After months of a stalemate, Petronella de Meath, one of Alice’s servants, was whipped six times (torture to extract confessions was prohibited by English law but apparently whipping servants was okay) and confessed to witchcraft, implicating Alice. Petronella confessed that Alice would sweep the dirt on the streets towards her son’s house, while chanting a spell to bring all the wealth of the town to his door (if this were true, I’d sweep more often). She went further and implicated Alice’s son, claiming that he wore the devil’s girdle. To make the tale really juicy, she added that Alice could fly on a magic broom and that she had taught Petronella all the tricks of the trade. With Petronella’s confession, it seemed that Alice’s goose was cooked. She was sentenced to be whipped through the streets, while tied to the back of a horse and cart after which, she would be burned at the stake.
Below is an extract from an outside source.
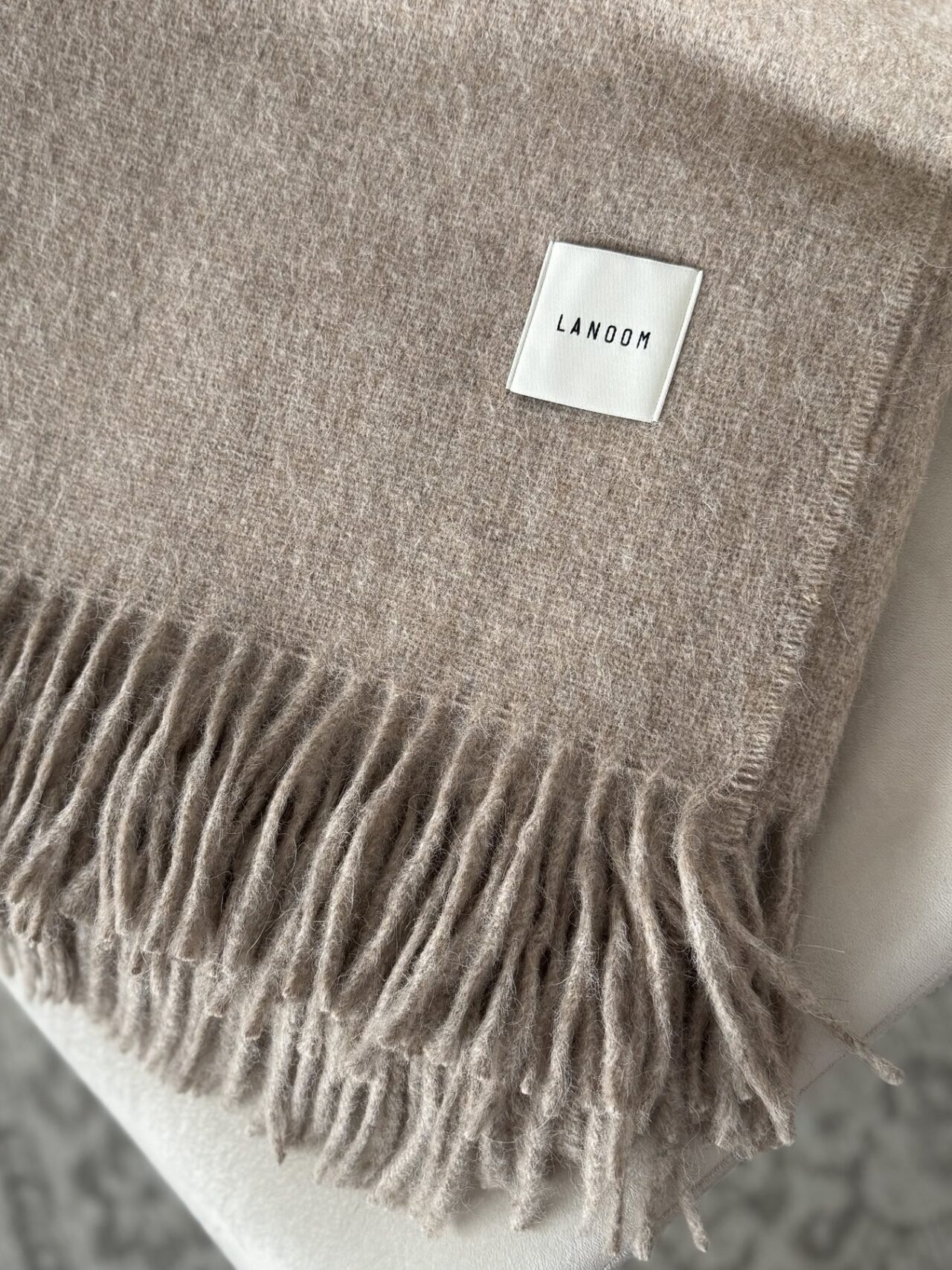 Duży koc z alpaki ciemny beż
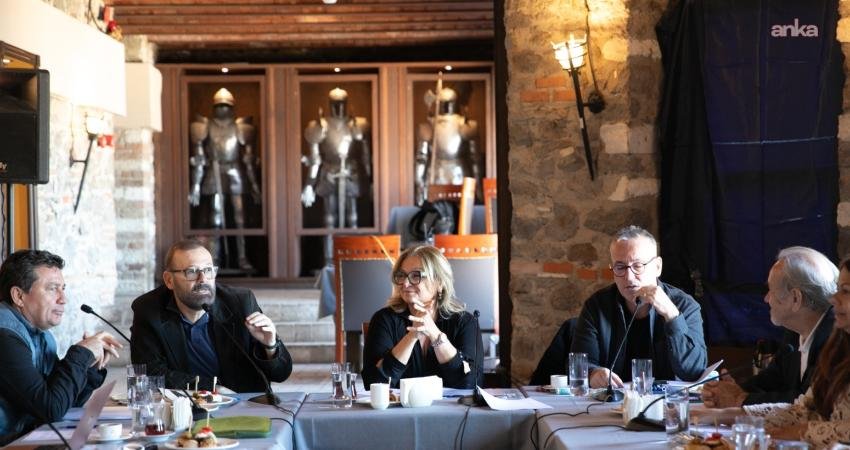 İzmir Büyükşehir Belediyesi Şehir Tiyatroları’nın (İzBBŞT) yıllık olağan Danışma Kurulu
Alice, however, managed to once again slip out of de Ledrede’s clutches with the help of her brother-in-law Roger Outlawe. Her guards were beaten senseless and Alice was escaped from the dungeons of Kilkenny Castle. The myth is that she fled to England where she lived to a ripe old age. Furious at being thwarted yet again, Bishop de Ledrede had Alice tried in absentia, found guilty and her property confiscated. Poor Petronella wasn’t so lucky; she was sacrificed in place of Alice, to satisfy the howling mob. She was burned as a witch on November 3, 1324, the first person in Ireland to be executed in this way. Alice’s son, William, got off rather lightly, being ordered to hear 3 masses a day for a year and to feed the poor. No one knows what happened to the others who were also accused, but chances are they were also burnt, whipped or forced to wear a cross.


Centuries later, the question still remains, was Alice Kyteler really a witch? Were proper legal procedures for the time followed? Or was it simply a case of a few envious and jealous locals who decided to get rid of an uppity woman?


Sources


Great Events from History: The Middle Ages, Salem Press, 2004
The World’s Wickedest Women – Margaret Nicholas, Octopus Books Limited, 1984
Wild Irish Women – Marian Broderick, The University of Wisconsin Press, 2004

Comments

socialitedreams said…
sounds like she was giving her hubbies nice meals of arsenic!
Patricia Altner said…
It's interesting that Alice's brother-in-law from her first marriage helped her to escape. Did he believe Alice innocent of killing his brother? and the others as well? Another of history's mysteries I suppose.
dave hambidge said…
testing testing, 1 2 3 anyone there?
For some reason, I've been having problems posting comments like Dave, but funny, using a different computer seems to help!

Patricia, I have a feeling that Alice was just one of those women who are capable of charming most men. He also may have money invested with her, so it behooved him to stay on her good side.

Socialite dreams, I definitely believe that witchcraft had nothing to do either with her success or her husbands deaths. Whether she was serving them arsenic pies, well, we'll never know!
dave hambidge said…
As I was saying a little earlier (!"£$%^&*), was the ire of the bish provoked by our heroine denying him free access to what reads as a high quality knocking shop? (Brothel in americanese?)
Great post! I love the fact that there's supposedly a demon who finds the best way to seduce witchy women is to pose as a shaggy dog named Art.